Twilight also changed my perception of 'romance'. My grandma read one Harlequin a day when she was alive. She and her sisters would garage sale (garage sale is a verb. i.e. 'I'm going garage sale-ing.') every Saturday and then trade boxes of books when they were done. She had emphysema, so she was limited to reading and watching 'Dallas' (remember that theme song? Ba, ba BAAA. Ba ba ba baa baaa. Got it stuck in your brain yet? You're welcome!) I'd read five hundred romances by the time I was fifteen. No offense to romance writers out there, but I'm not interested in reading another as long as I live.

So, I deliberately avoided romance because I aimed for more of a book-club-quasi-literary novel. But my character needed to discover what makes the brutality of life bearable, and the only thing strong enough is love. And not just any love. True love. I'd-die-to-save-you-and-consider-it-a-bargain love. So paranormal romance it is.

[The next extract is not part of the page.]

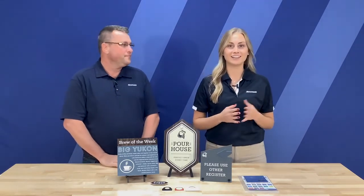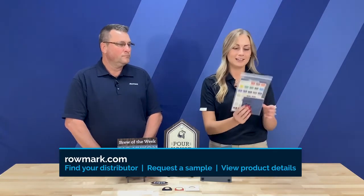So Betsy, if somebody's interested in trying out this material personally, how should they go about getting a sample? Absolutely. If you're interested in receiving a sample of the Matz product line, you have a couple of different options. You can either contact your Romark distributor — you can find your distributor on Romark.com — or you can go to Romark.com to request a sample pack and we'll get it sent to you in the mail, along with more information on the product and a few samples of the product line.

After four months and 400 pages, I finished and started looking around for an agent. I mean, once the thing is written, that's what you do, right? I typed up a query, and sent it out to…Query Shark. Whew! I could have really messed up there. The Shark hasn't gotten to it yet, but I've changed it ten times (not kidding), so it doesn't matter. Somehow, by reading agent's, editor's, and writer's rants, pleadings, and sad stories (no particular order to those!), I made the transition from wanting to write a story to wanting to sell a manuscript.

So now I'm compiling a list of possible agents to query. (I read yesterday that you should have 50. Really?) I'm half-way through my third major edit, with at least two more ahead of me. I'm developing relationships with other writers, searching for beta readers, and honing my editing skills with my on-line crit group. I'm planning trips to the bookstore to find comp novels and will search the author acknowledgements for their agents, and if that fails, their websites are next. I'm developing an online presence. (See, here I am.) I'm working on a short story that I hope to put on my query as a such-and-such contest winner.

But where is the balance? I supervise as the kids unload the dishes and put their own clothes away. They vacuum and sweep, and then I do it again. I sewed a dress for my little girl yesterday and we wove construction paper placemats this morning. But behind the busy work, I'm wondering if the night swimming scene where the MC is trying to evade the helicopter with its infrared scopes and the alligator that comes to investigate is too busy. Everything is going wrong except the weather…maybe some lightning. But then the helicopter…see? Even when blogging, I'm working on my story.

My condition is chronic, but I'm okay with that, because my next book is about this Egyptian woman who stops the flow of the river of time to search for her lost child. That's a career plan…or a terminal illness. It's hard to know which.

What were your first symptoms of being a writer and how did you come to terms with your diagnosis?


  1. Not to take anything away from your current book, but that next one sounds awesome.

    I can't wait to read what you've written-- Stephenie Meyer inspired or no : )

  2. Thanks, Jeff. That comment ranks you in my top five favorite people:) The idea for my next book is sketchy, but I wrote the opening scene a few years ago and still can't let it go.